— What to produce —
The entries below must be reproduced exactly; their pictures are not part of the copy.

====== Source material ======

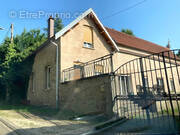 Maison à GERBEVILLER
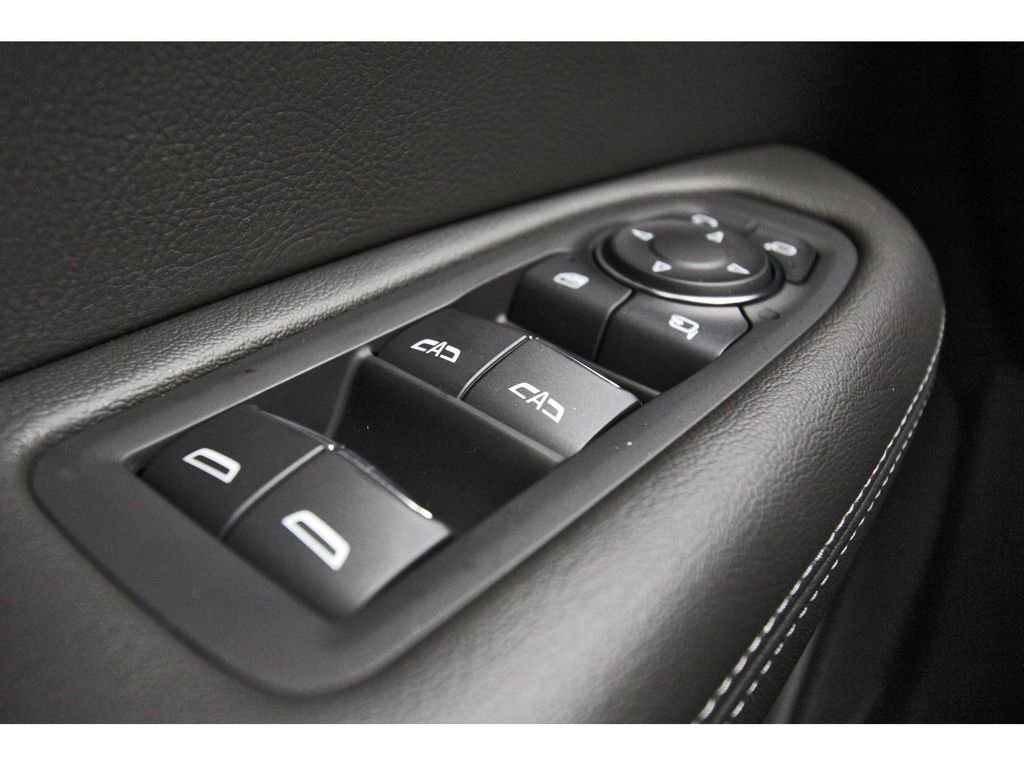 New 2025 Cadillac XT6 Sport w/ LPO, Onyx Lite Package image 15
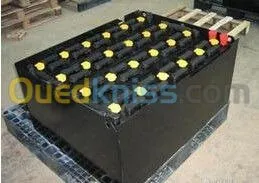 reparation bornes batteries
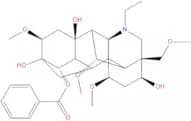 Ludaconitine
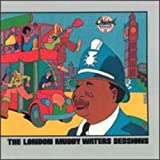 The London Muddy Waters Sessions - Audio Cd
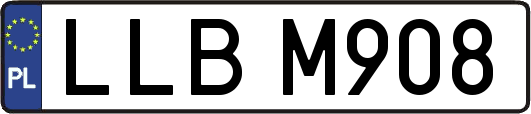 LLBM908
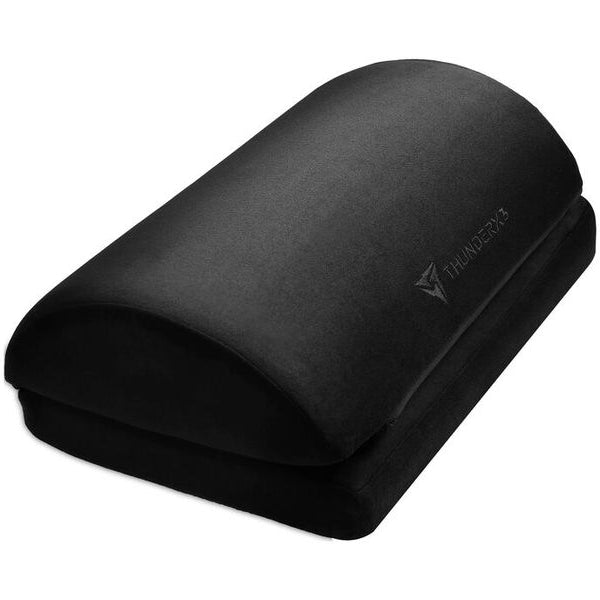 ThunderX3 Gaming-Stuhl CORE Mesh Schwarz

======

— Written solution —
 Maison à GERBEVILLER
 New 2025 Cadillac XT6 Sport w/ LPO, Onyx Lite Package image 15
 reparation bornes batteries
 Ludaconitine
 The London Muddy Waters Sessions - Audio Cd
 LLBM908
 ThunderX3 Gaming-Stuhl CORE Mesh Schwarz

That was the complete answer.